> Exercise directions: Could you give back every record below exactly, leaving out the pictures?

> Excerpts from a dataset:
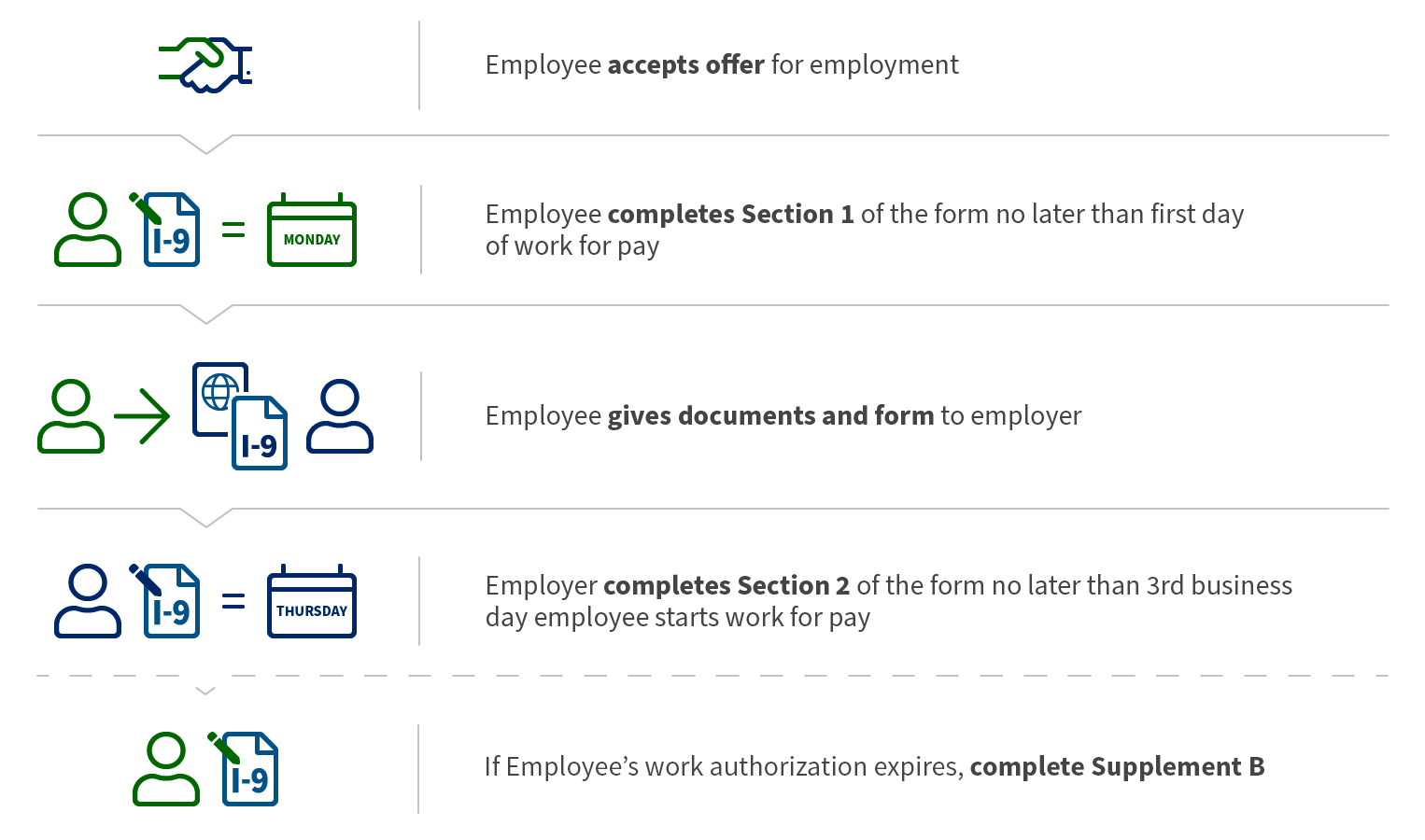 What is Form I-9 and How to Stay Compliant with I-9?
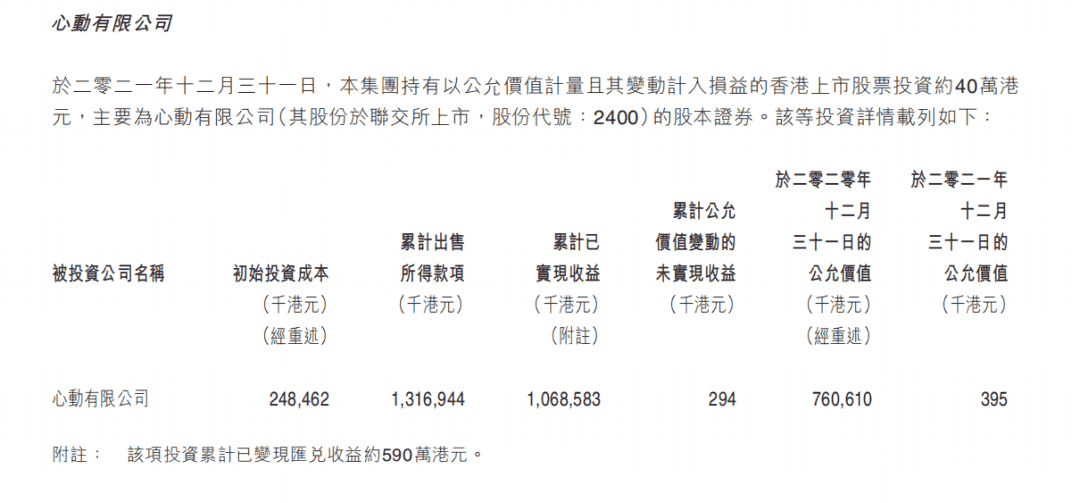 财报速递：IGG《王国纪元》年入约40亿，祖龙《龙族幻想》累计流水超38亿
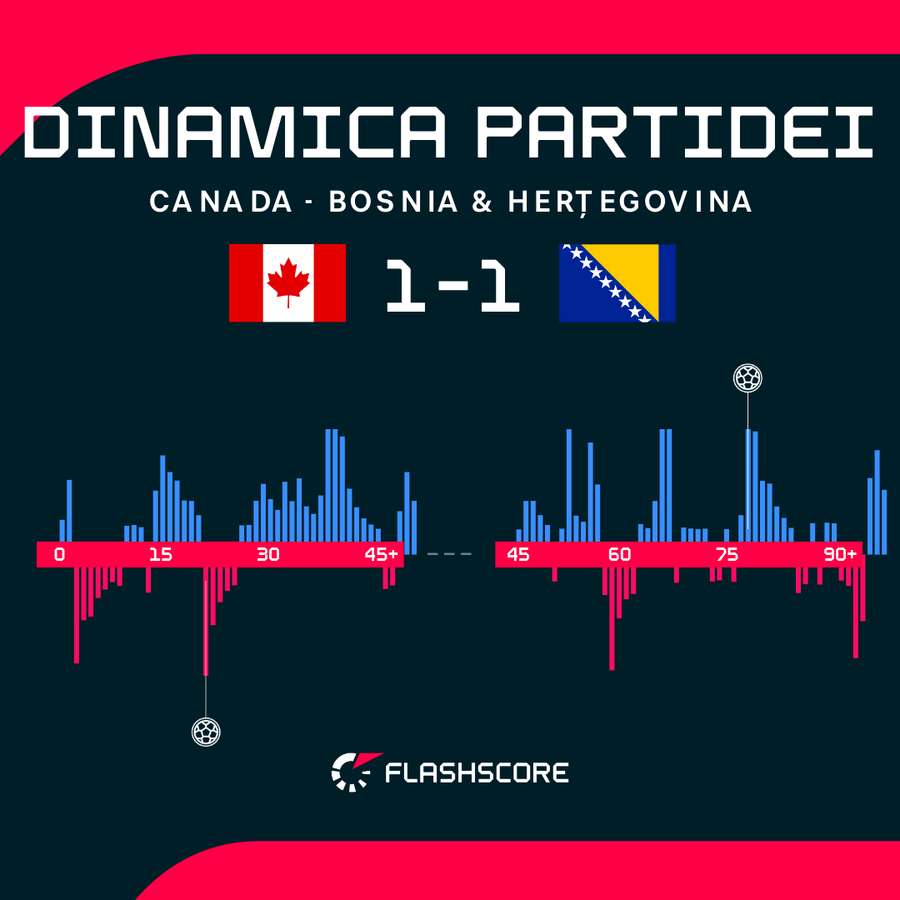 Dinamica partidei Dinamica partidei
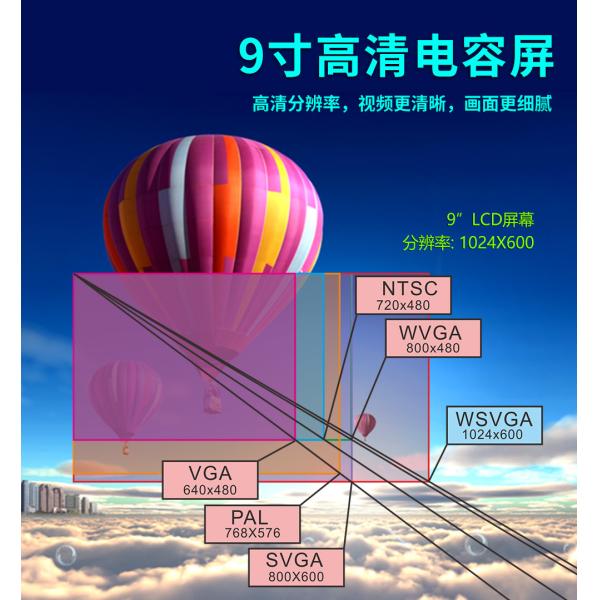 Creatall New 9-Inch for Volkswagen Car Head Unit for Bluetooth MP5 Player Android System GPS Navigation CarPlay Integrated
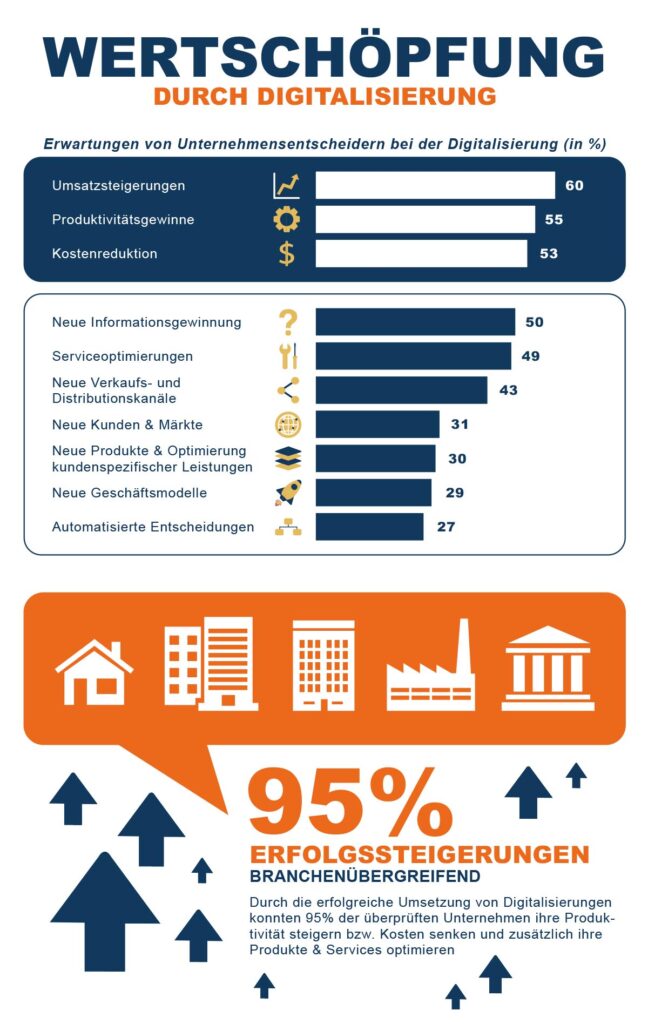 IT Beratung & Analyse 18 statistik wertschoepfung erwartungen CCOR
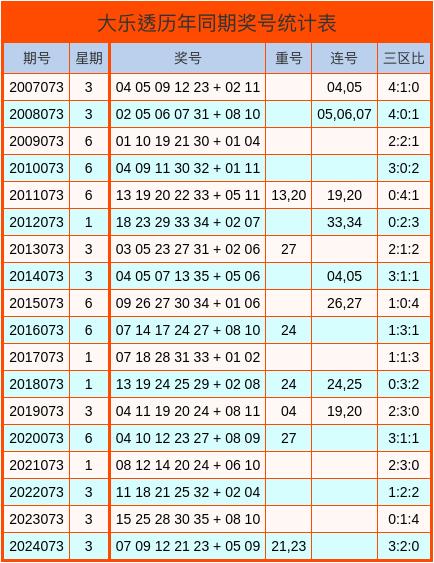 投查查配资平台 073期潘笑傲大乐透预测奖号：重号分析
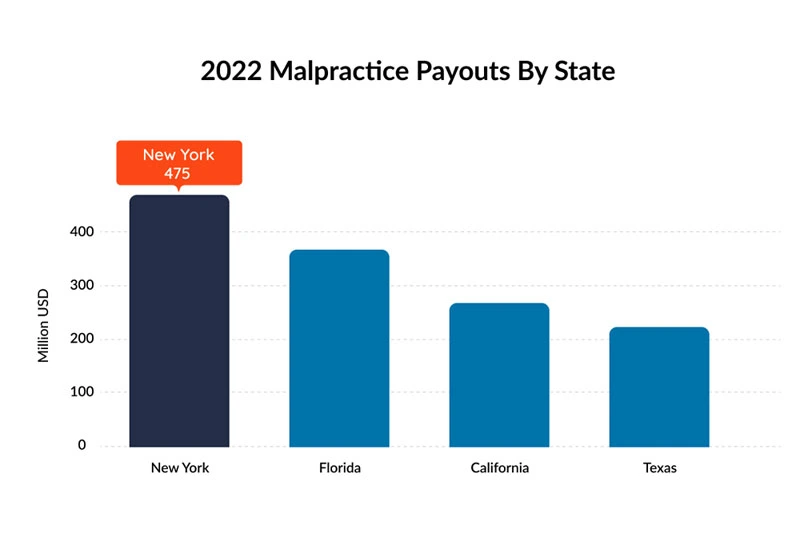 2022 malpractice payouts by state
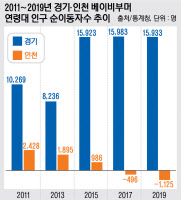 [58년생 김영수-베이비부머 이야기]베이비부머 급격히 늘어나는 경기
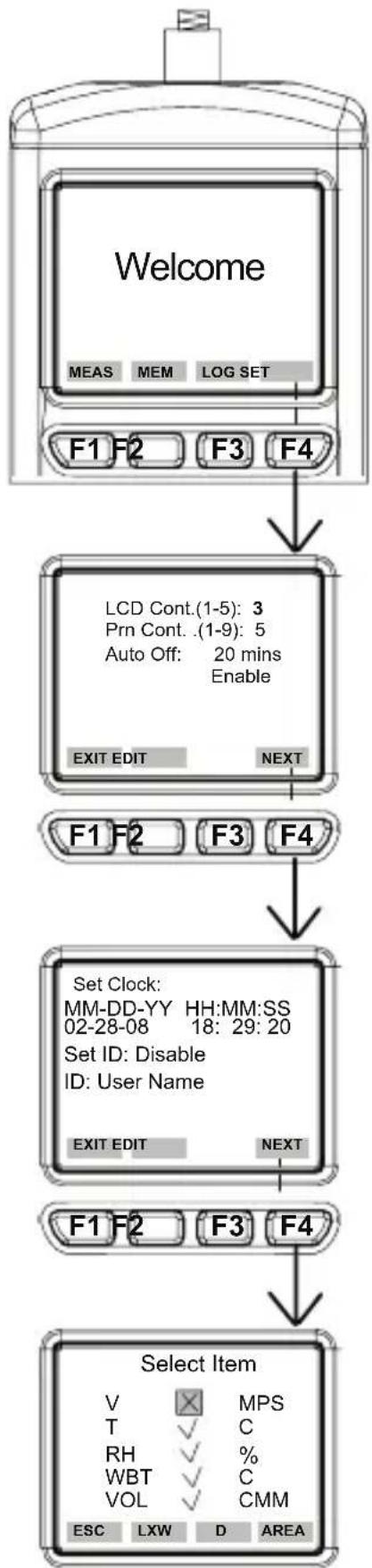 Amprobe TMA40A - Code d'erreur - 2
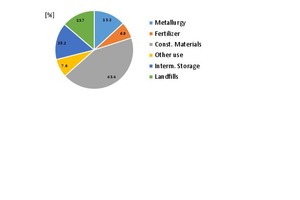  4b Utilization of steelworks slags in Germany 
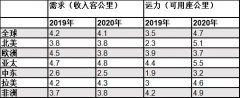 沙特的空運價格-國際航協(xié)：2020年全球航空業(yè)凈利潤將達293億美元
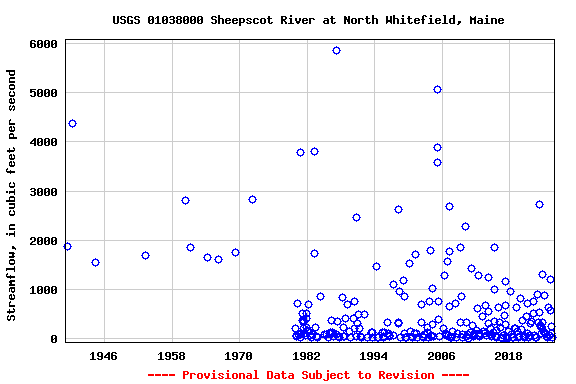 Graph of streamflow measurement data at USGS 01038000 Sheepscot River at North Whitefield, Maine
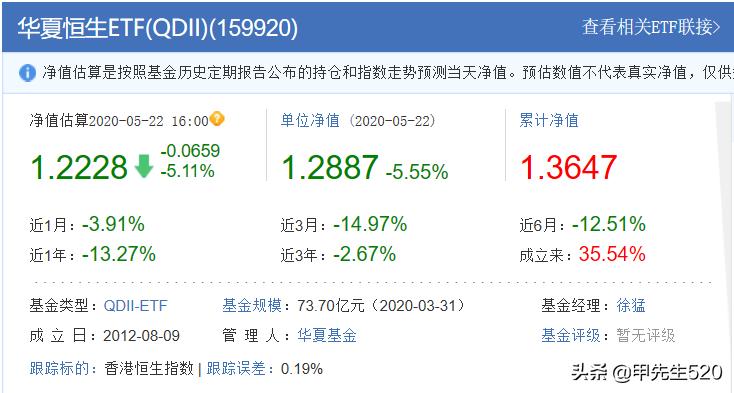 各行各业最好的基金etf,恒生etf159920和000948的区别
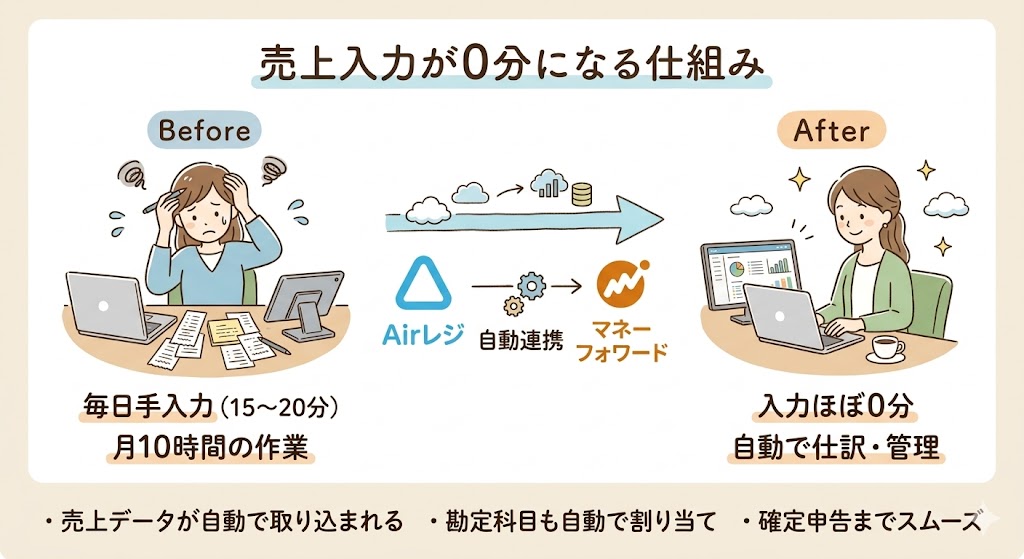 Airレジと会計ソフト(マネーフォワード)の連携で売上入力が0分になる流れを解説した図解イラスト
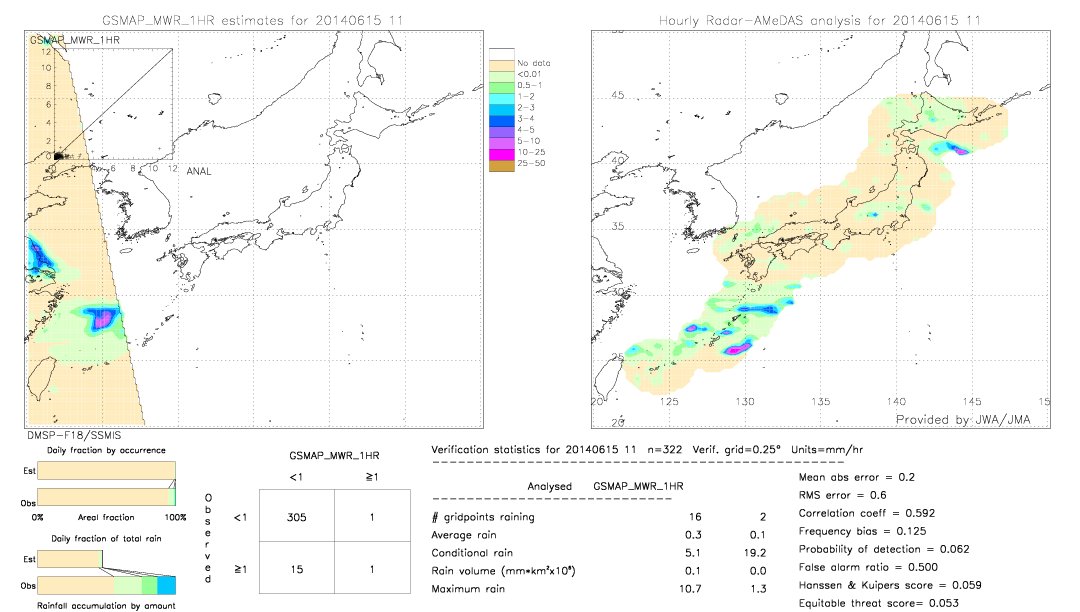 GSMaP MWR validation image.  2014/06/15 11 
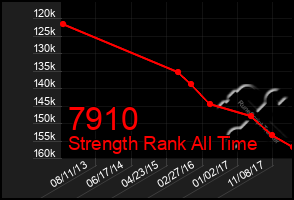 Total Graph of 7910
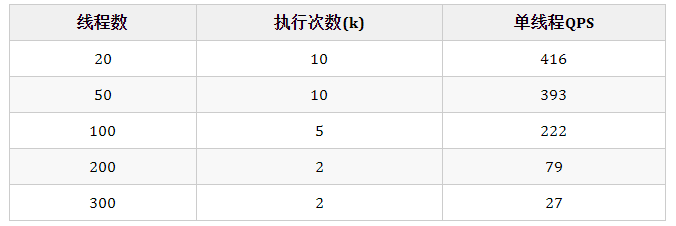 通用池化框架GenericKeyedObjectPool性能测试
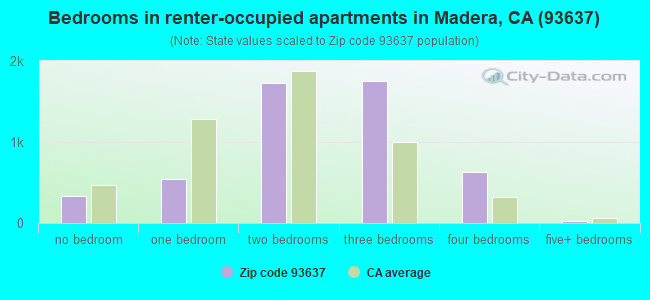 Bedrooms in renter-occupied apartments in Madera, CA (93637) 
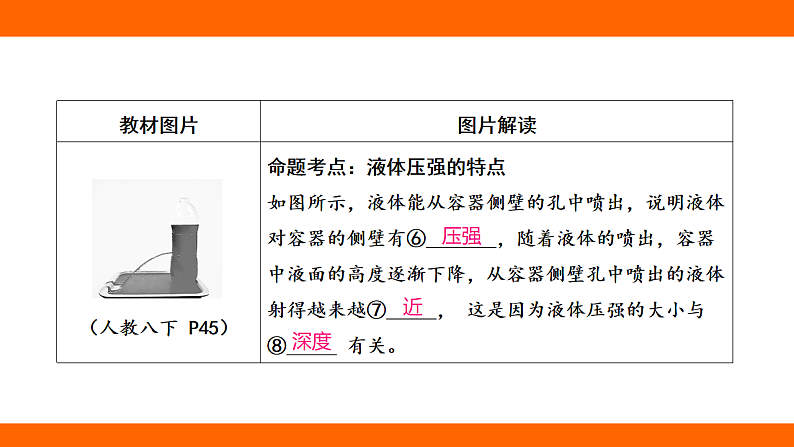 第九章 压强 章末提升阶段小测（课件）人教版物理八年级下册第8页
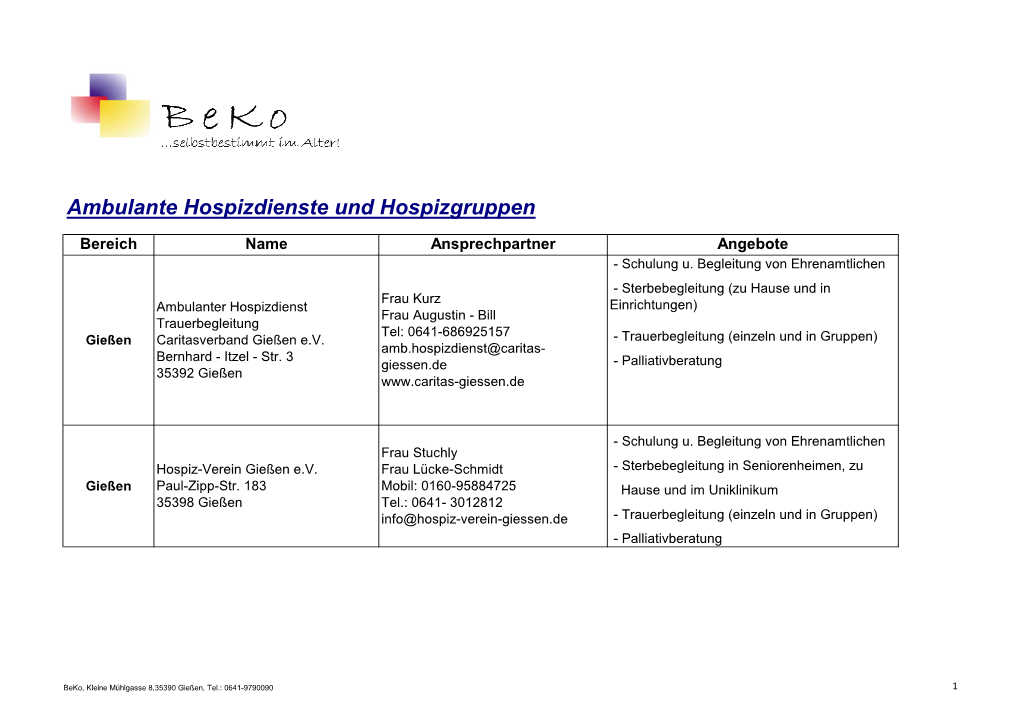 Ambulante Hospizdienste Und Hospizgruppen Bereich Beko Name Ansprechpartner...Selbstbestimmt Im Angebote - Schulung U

> Result of the exercise:
 What is Form I-9 and How to Stay Compliant with I-9?
 财报速递：IGG《王国纪元》年入约40亿，祖龙《龙族幻想》累计流水超38亿
 Dinamica partidei Dinamica partidei
 Creatall New 9-Inch for Volkswagen Car Head Unit for Bluetooth MP5 Player Android System GPS Navigation CarPlay Integrated
 IT Beratung & Analyse 18 statistik wertschoepfung erwartungen CCOR
 投查查配资平台 073期潘笑傲大乐透预测奖号：重号分析
 2022 malpractice payouts by state
 [58년생 김영수-베이비부머 이야기]베이비부머 급격히 늘어나는 경기
 Amprobe TMA40A - Code d'erreur - 2
  4b Utilization of steelworks slags in Germany 
 沙特的空運價格-國際航協(xié)：2020年全球航空業(yè)凈利潤將達293億美元
 Graph of streamflow measurement data at USGS 01038000 Sheepscot River at North Whitefield, Maine
 各行各业最好的基金etf,恒生etf159920和000948的区别
 Airレジと会計ソフト(マネーフォワード)の連携で売上入力が0分になる流れを解説した図解イラスト
 GSMaP MWR validation image.  2014/06/15 11 
 Total Graph of 7910
 通用池化框架GenericKeyedObjectPool性能测试
 Bedrooms in renter-occupied apartments in Madera, CA (93637) 
 第九章 压强 章末提升阶段小测（课件）人教版物理八年级下册第8页
 Ambulante Hospizdienste Und Hospizgruppen Bereich Beko Name Ansprechpartner...Selbstbestimmt Im Angebote - Schulung U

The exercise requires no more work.